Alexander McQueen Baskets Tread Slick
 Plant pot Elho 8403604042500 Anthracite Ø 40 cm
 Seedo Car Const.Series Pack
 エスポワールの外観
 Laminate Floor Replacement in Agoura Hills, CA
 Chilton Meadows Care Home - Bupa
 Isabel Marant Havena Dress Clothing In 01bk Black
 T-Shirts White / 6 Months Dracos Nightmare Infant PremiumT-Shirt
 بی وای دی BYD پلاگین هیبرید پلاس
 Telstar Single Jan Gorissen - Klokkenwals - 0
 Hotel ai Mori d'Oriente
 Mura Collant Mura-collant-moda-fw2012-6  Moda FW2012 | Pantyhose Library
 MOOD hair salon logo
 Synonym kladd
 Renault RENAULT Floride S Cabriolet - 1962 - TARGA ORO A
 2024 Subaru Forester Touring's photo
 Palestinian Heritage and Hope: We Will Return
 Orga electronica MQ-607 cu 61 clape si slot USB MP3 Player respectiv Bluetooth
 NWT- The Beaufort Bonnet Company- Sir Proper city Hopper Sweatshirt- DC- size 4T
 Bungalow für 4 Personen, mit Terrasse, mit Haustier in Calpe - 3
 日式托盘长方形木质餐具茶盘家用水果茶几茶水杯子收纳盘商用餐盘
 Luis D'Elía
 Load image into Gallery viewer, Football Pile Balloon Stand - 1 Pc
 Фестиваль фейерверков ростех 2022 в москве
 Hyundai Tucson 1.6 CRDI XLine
++++++++++++++++++++
§ Exercise goal
Take the stretch of lines above from the one containing "Chilton Meadows Care Home - Bupa" through the one containing "Hotel ai Mori d'Oriente" and repeat it exactly, adding no other line.

§ Exercise result
 Chilton Meadows Care Home - Bupa
 Isabel Marant Havena Dress Clothing In 01bk Black
 T-Shirts White / 6 Months Dracos Nightmare Infant PremiumT-Shirt
 بی وای دی BYD پلاگین هیبرید پلاس
 Telstar Single Jan Gorissen - Klokkenwals - 0
 Hotel ai Mori d'Oriente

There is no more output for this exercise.